The second-degree murder charges against neighborhood watchman George Zimmerman in the shooting death of Trayvon Martin have crumbled to powder in the first seven days of trial testimony, with the prosecution’s witnesses breaking left and right in Zimmerman’s favor. The reason: the prosecution’s insistence on race-baiting in the months leading up to the trial.
It all started when eyewitness Jeannee Manalo, who told police she saw a large man straddling a figure on the ground the night of the shooting, testified that Zimmerman had been on top. Under cross-examination, however, Manalo admitted that she had based her conclusion on the media’s widely disseminated photograph of Martin as a 12-year-old boy and not as a 6-foot 3-inch, 17-year-old man. She then also acknowledged that the photo had colored her interpretation and that she could no longer conclude Zimmerman was on top.
Moreover, the prosecution’s star witness, Rachel Jeantel, betrayed numerous discrepancies in her testimony – including the reciting two versions of what Zimmerman had said to Martin and three different versions of Martin’s last words. The climax of Jeantel’s testimony came when she stated that she had heard someone being hit and somehow knew it was Trayvon. Defense attorney Don West suggested an alternative interpretation, to which Jeantel charmingly replied, “That’s retarded, sir.” Even liberal news outlets admitted that Jeantel had been a boon for the defense.

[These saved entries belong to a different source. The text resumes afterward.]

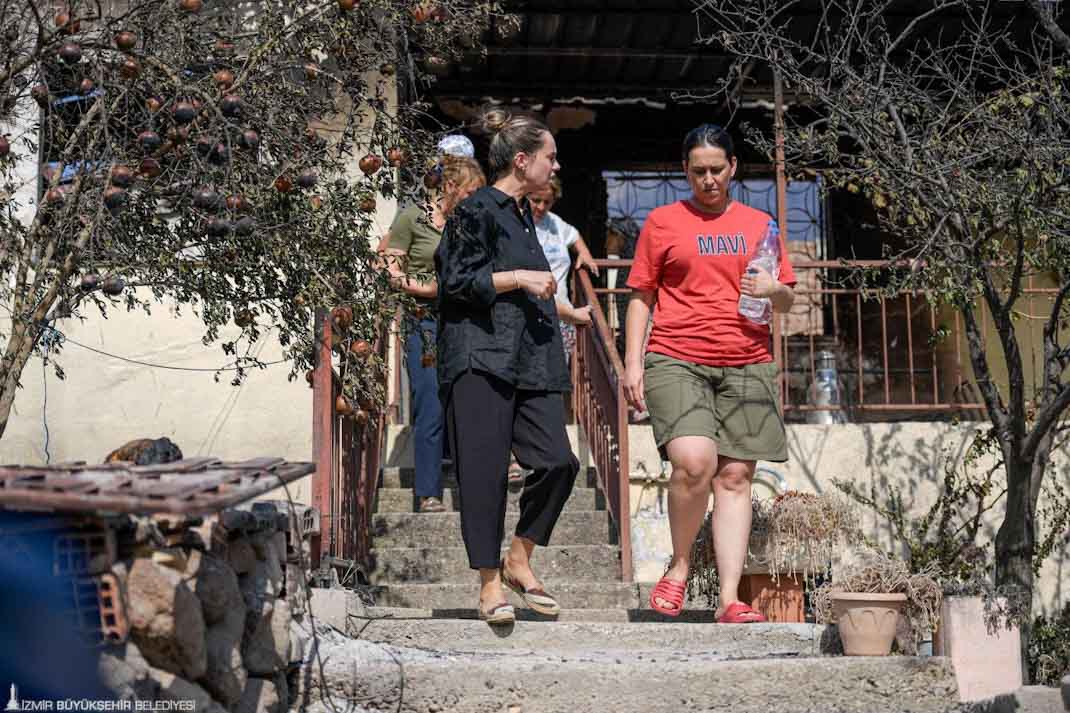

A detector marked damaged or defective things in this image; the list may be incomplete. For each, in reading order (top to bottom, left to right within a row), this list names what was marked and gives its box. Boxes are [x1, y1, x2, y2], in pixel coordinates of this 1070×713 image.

rusty metal railing [312, 308, 388, 572]
rusty metal railing [572, 270, 632, 580]
rusty metal railing [592, 258, 1056, 420]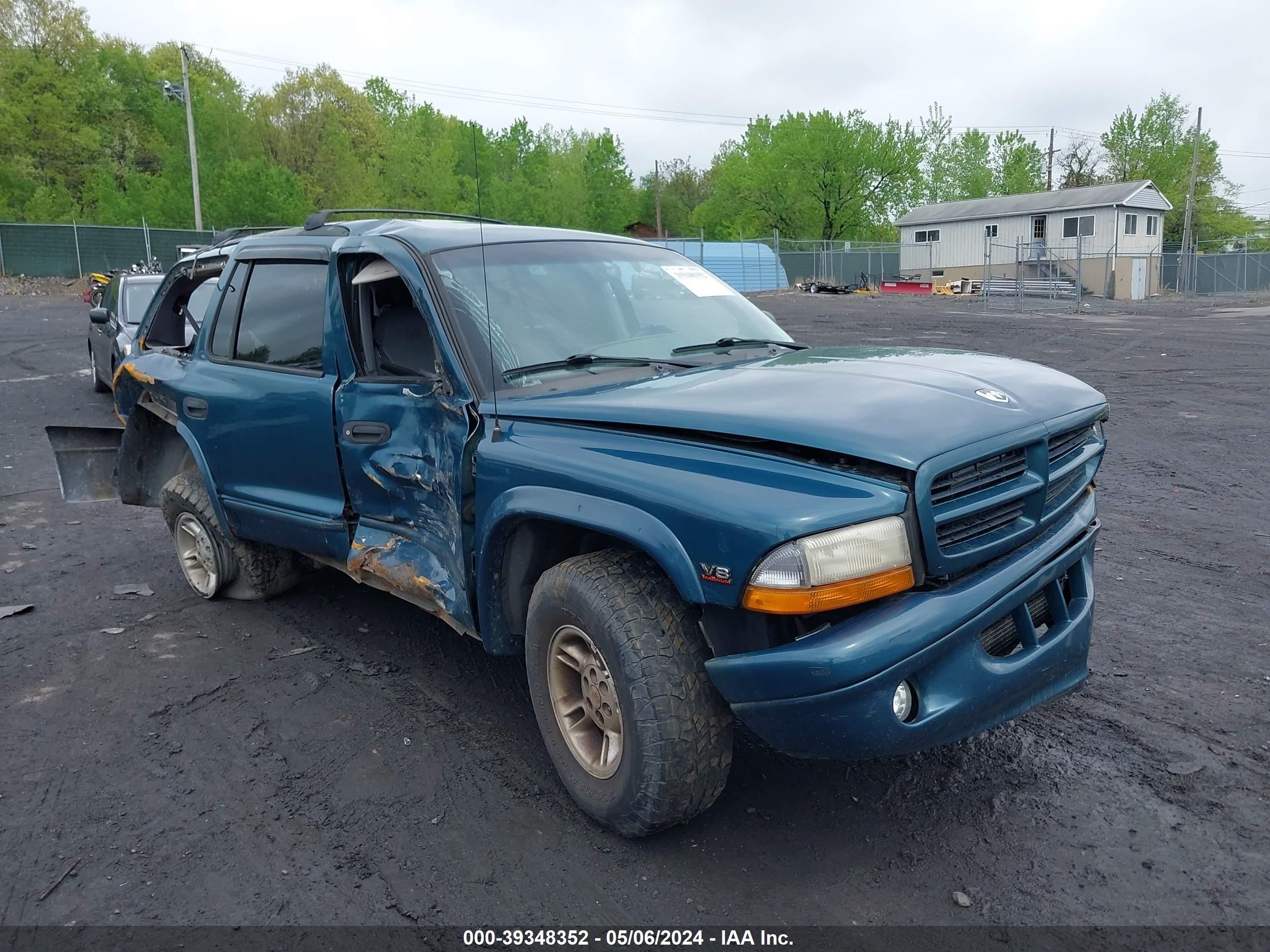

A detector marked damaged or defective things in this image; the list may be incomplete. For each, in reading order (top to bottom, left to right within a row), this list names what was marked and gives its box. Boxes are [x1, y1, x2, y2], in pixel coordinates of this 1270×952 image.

damaged blue suv [60, 213, 1104, 840]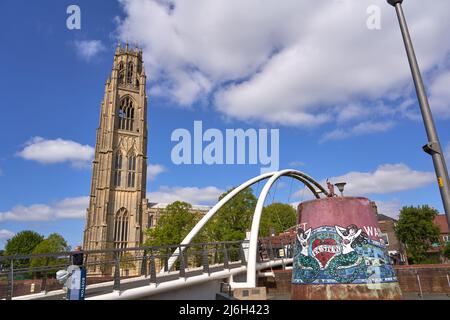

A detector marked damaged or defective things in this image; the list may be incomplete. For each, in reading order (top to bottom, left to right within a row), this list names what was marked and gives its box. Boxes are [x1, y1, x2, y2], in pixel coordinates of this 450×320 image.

rusty metal structure [294, 196, 402, 298]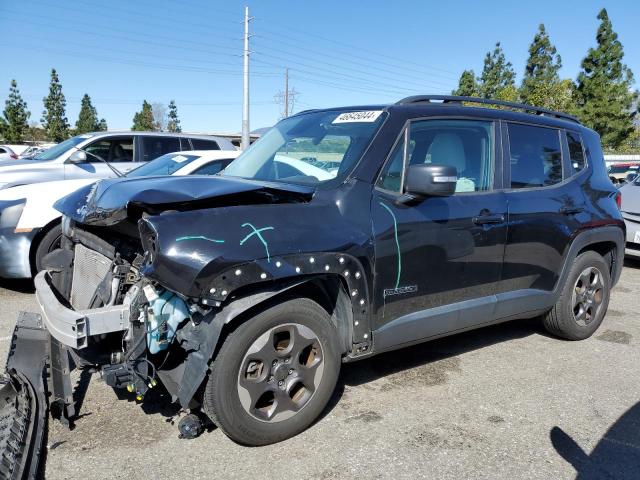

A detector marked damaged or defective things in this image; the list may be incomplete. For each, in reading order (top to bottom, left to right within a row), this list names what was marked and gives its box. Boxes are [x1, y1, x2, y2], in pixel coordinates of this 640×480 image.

crumpled hood [53, 174, 314, 225]
damaged bumper [34, 270, 132, 348]
damaged jeep renegade [1, 94, 624, 472]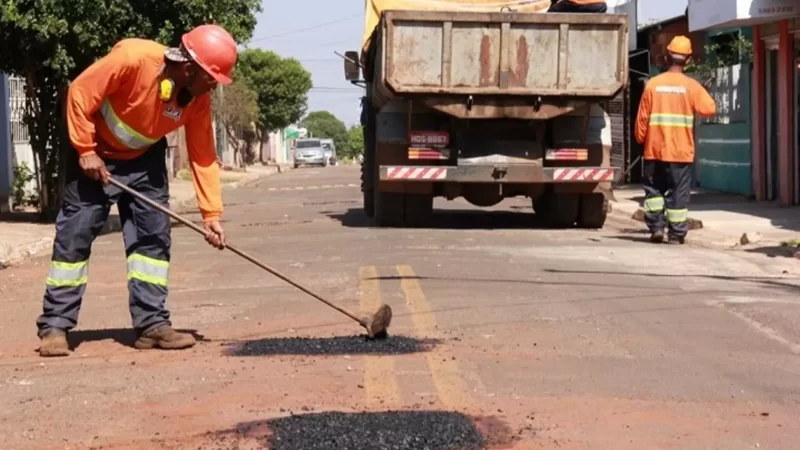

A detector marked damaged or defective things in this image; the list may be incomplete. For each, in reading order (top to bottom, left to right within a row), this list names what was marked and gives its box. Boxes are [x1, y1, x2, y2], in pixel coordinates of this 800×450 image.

rusty truck body [344, 3, 632, 227]
asphalt patch on road [225, 336, 438, 356]
asphalt patch on road [260, 412, 484, 450]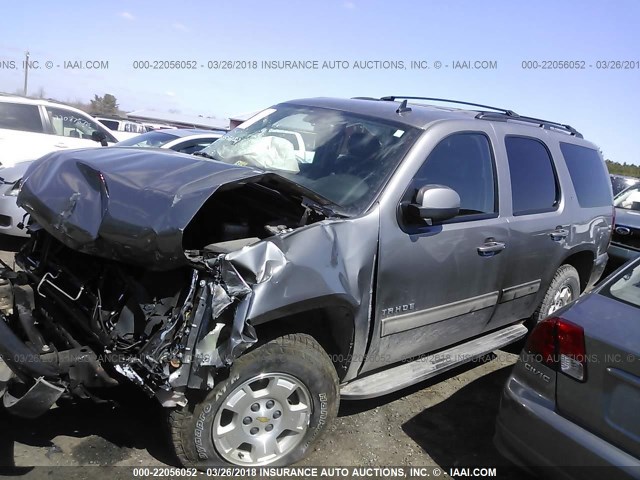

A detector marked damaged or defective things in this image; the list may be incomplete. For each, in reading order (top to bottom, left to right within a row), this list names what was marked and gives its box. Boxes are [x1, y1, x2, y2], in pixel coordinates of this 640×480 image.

crumpled hood [17, 147, 266, 266]
damaged gray suv [0, 95, 616, 466]
detached bumper [496, 376, 640, 480]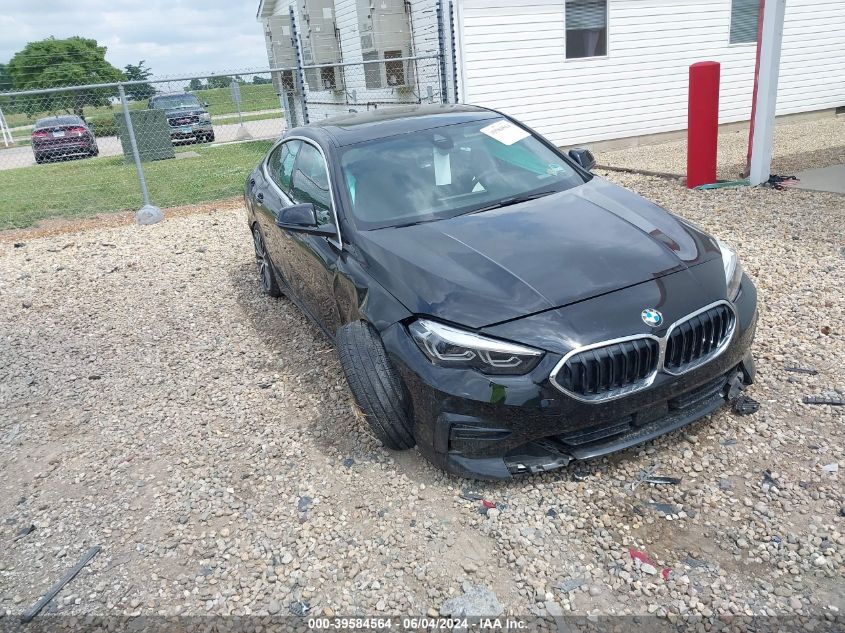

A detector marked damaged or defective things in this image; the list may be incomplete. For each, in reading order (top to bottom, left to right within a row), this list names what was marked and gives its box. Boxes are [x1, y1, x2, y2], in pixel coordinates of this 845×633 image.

broken plastic debris [732, 396, 760, 414]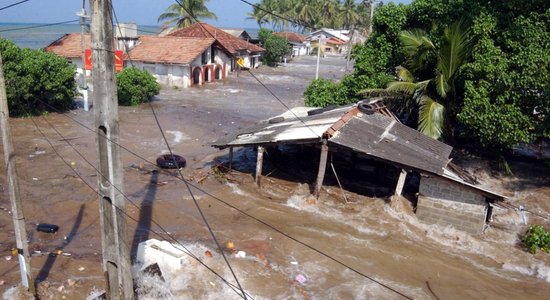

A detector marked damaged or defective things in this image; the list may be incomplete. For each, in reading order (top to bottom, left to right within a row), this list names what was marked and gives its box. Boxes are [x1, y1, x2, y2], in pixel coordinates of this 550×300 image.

damaged house [212, 99, 508, 233]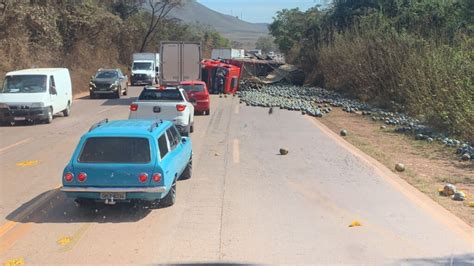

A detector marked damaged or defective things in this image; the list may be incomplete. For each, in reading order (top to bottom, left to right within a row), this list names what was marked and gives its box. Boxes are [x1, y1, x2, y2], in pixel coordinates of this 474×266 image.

overturned red truck [202, 59, 243, 94]
crashed vehicle [59, 119, 193, 208]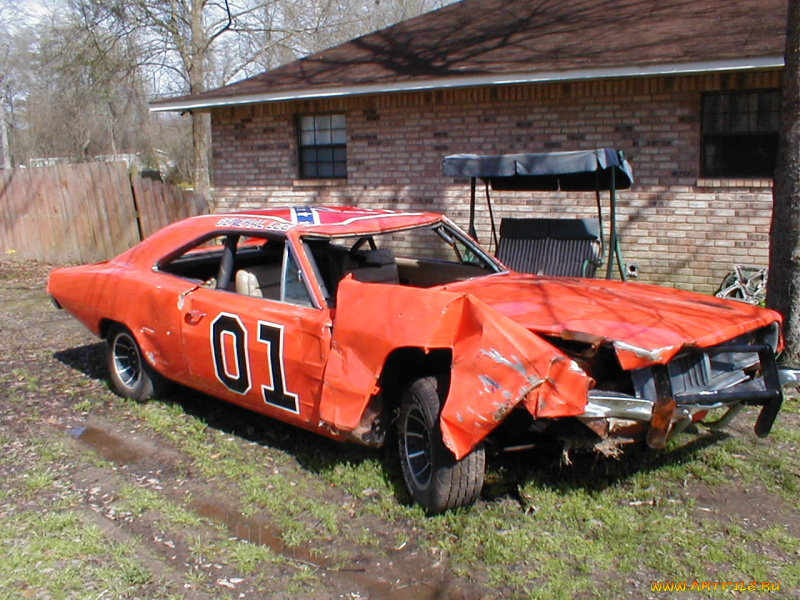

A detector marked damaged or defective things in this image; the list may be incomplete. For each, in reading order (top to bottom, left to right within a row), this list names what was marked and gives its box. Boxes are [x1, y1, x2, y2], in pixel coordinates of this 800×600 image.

wrecked orange car [48, 206, 792, 510]
smashed hood [438, 274, 780, 370]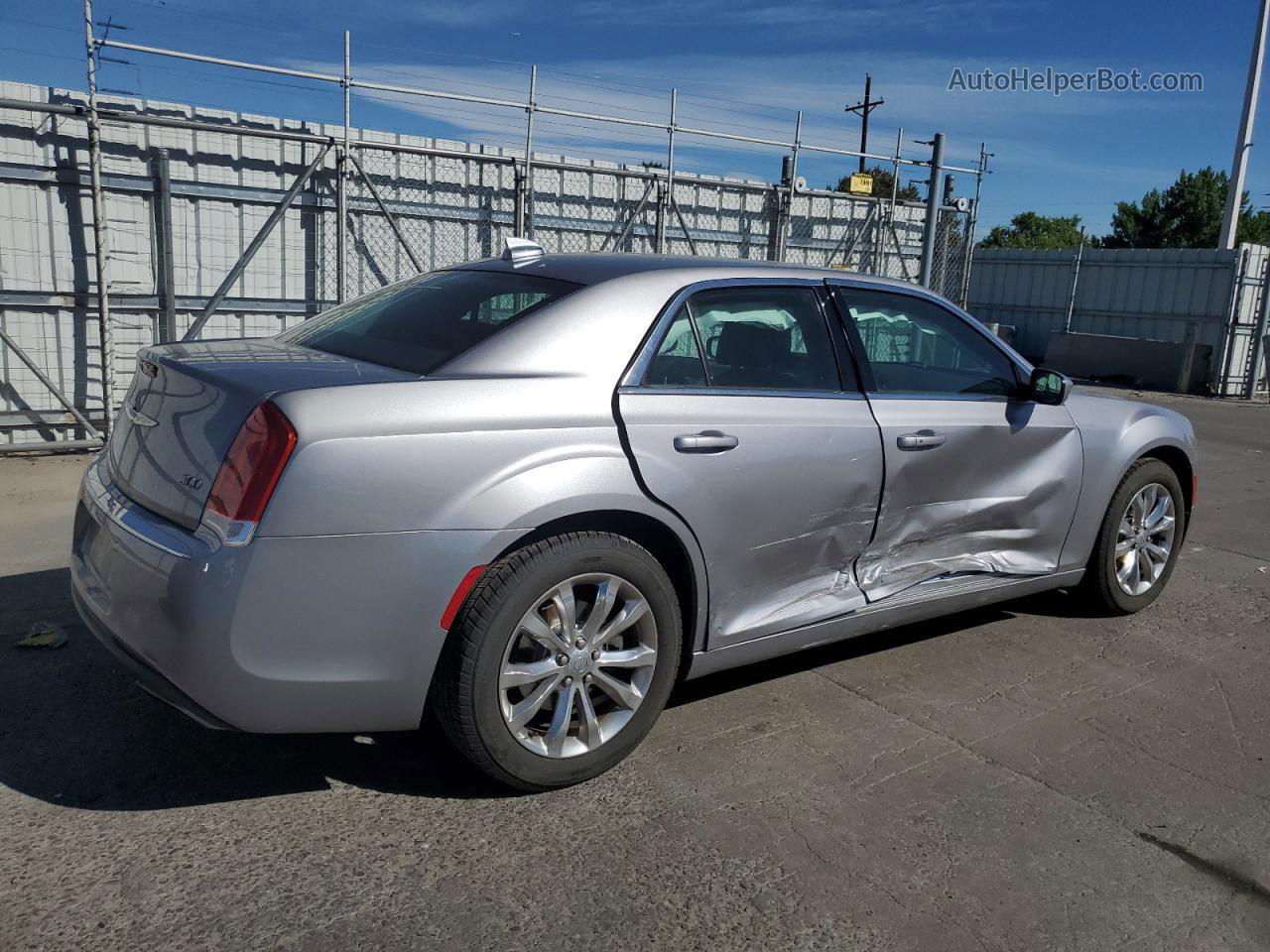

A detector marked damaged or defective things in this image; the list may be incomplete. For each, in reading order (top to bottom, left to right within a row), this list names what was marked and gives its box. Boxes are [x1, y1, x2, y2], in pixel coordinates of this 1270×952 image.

The list of examples goes on and on. Neighbor Jonathan Good testified that Trayvon was planted atop Zimmerman doing a “ground and pound.” Officer Doris Singleton testified that Zimmerman hadn’t known Martin was dead until she told him at the station, and that he had been visibly distraught upon learning the information. Lead detective Chris Serino testified that he had tried bluffing by telling Zimmerman that Martin had videotaped the incident, at which point Zimmerman had cried, “Thank God!”, thus convincing Serino he was telling the truth.
And these were all witnesses called in by the prosecution!
The presumption of innocence that is central to our judicial system occasionally results in a jury letting a black defendant such as O.J. Simpson go free out of some twisted notion of collective racial guilt. But the formula rarely works in the other direction.
A jury doesn’t find four Caucasian cops guilty of criminal charges of excessive use of force as payback for white racism, not when they’ve seen the unedited videotape of a drug-addled Rodney King rising and lunging at them. A jury doesn’t find three white lacrosse-playing college students guilty of rape of a black stripper after sifting through her lies.
Nor is a jury likely to convict a man with sterling character witnesses and consistent testimony of second-degree murder just because he’s half-white, not when his stoned, racial-epithet-hurling victim boasted a history of assault and vandalism.
Race-baiters who want to see Zimmerman rot in jail can’t alter reality as much as they’d like to. Our legal system is designed to slow things down and force us to look at evidence without prejudice, and under those conditions they can’t force their argument on the jury.
And as a result, the flimsy, racially instigated case against Zimmerman is falling apart so quickly that it’ll be surprising if Martin supporters are shameless enough to express outrage over the defendant’s likely acquittal.